TF1-LCI © TF1-LCIPour Nicolas Sarkozy, il s'agit d'attaques "stupides" et "basses". "Ca ne mérite aucune polémique et le désarroi du Parti socialiste ne doit pas le conduire à abaisser à ce point le niveau de la campagne", a estimé le ministre-candidat.
Pourtant, l'affaire fait jaser. Deux mineurs de 17 ans et un majeur de 18 ans ont été interpellés la semaine dernière pour le vol d'un scooter un peu particulier, de par l'identité de son propriétaire, l'un des fils de Nicolas Sarkozy. Ce dernier avait déclaré le vol de son Piaggio 50 cm3 le 7 janvier à Neuilly. Le scooter a été retrouvé à Bobigny 10 jours plus tard. Un phénomène assez rare puisque sur les 200 deux-roues volés chaque jour en France, moins d'un sur dix est retrouvé.
Mais cette fois, selon le Parisien, les policiers ont employé des moyens importants. Signalé sur un parking par une habitante de Bobigny quelques jours après le vol, le scooter a pu être identifié comme appartenant au fils de Nicolas Sarkozy grâce à un relevé d'empreinte et deux prélèvements ADN.
"Deux poids deux mesures"
Un policier, interrogé par le Parisien, explique que l'enquête a été "bien menée" avec des moyens habituels. Un avis que ne partage pas Frédéric Brodziak, réprésentant des Motards en colère. Selon lui, cette histoire "n'est pas représentative du quotidien des motards. En cas de vol, à chaque fois, on nous répète que n'avons aucune chance de retrouver notre deux-roues", explique-t-il, amer, au Parisien.

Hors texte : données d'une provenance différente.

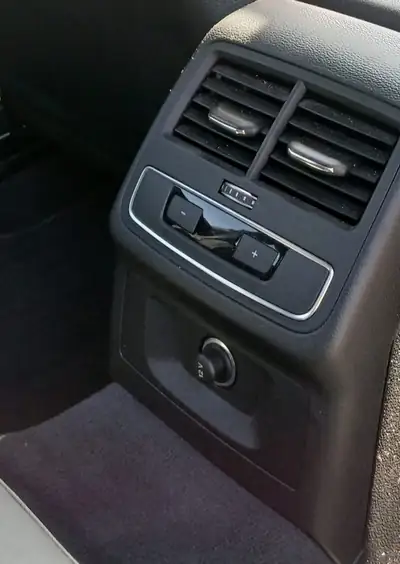 Audi A4 Avant MHEV 265 ch — Break élégant hybride essence, tous chemins — Miniature 14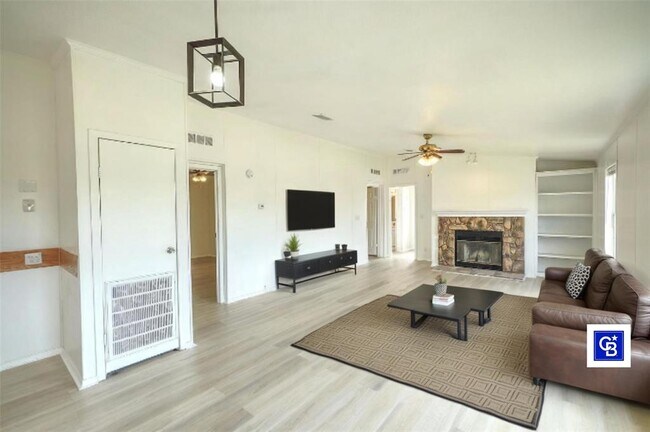 Building Photo - 132 Co Rd 247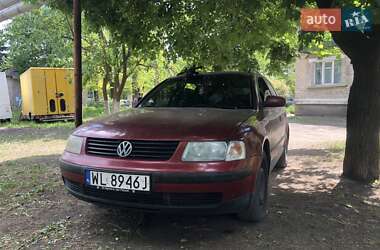Универсал Volkswagen Passat 1997 в 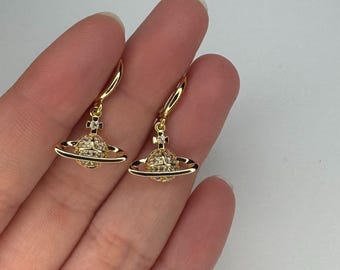 Brincos de planeta dourados com zircônias cúbicas, brincos de ouro com formato de planeta, brincos elegantes para presentear, brincos de argola dourados em formato de esfera de Saturno.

L'affaire fait aussi réagir syndicats et politiques. François Bayrou l'a ainsi jugée mardi symptomatique du "deux poids deux mesures" dans l'attitude de la police et de la justice. "C'est évident que ce genre de petit événement est révélateur de la manière dont, selon que vous serez puissant ou misérable, les jugements de cour, en tous cas l'attitude de la police, de la justice ne sera pas exactement la même", a déclaré le candidat de l'UDF sur RTL. Pour sa part, Action-police CFTC, syndicat minoritaire, a demandé au président de la République la création d'une commission d'enquête parlementaire, jugeant "intolérable (...) de jeter l'opprobre sur la police en la faisant passer pour une force publique non pas au service de tous mais plutôt au service particulier de quelqu'un".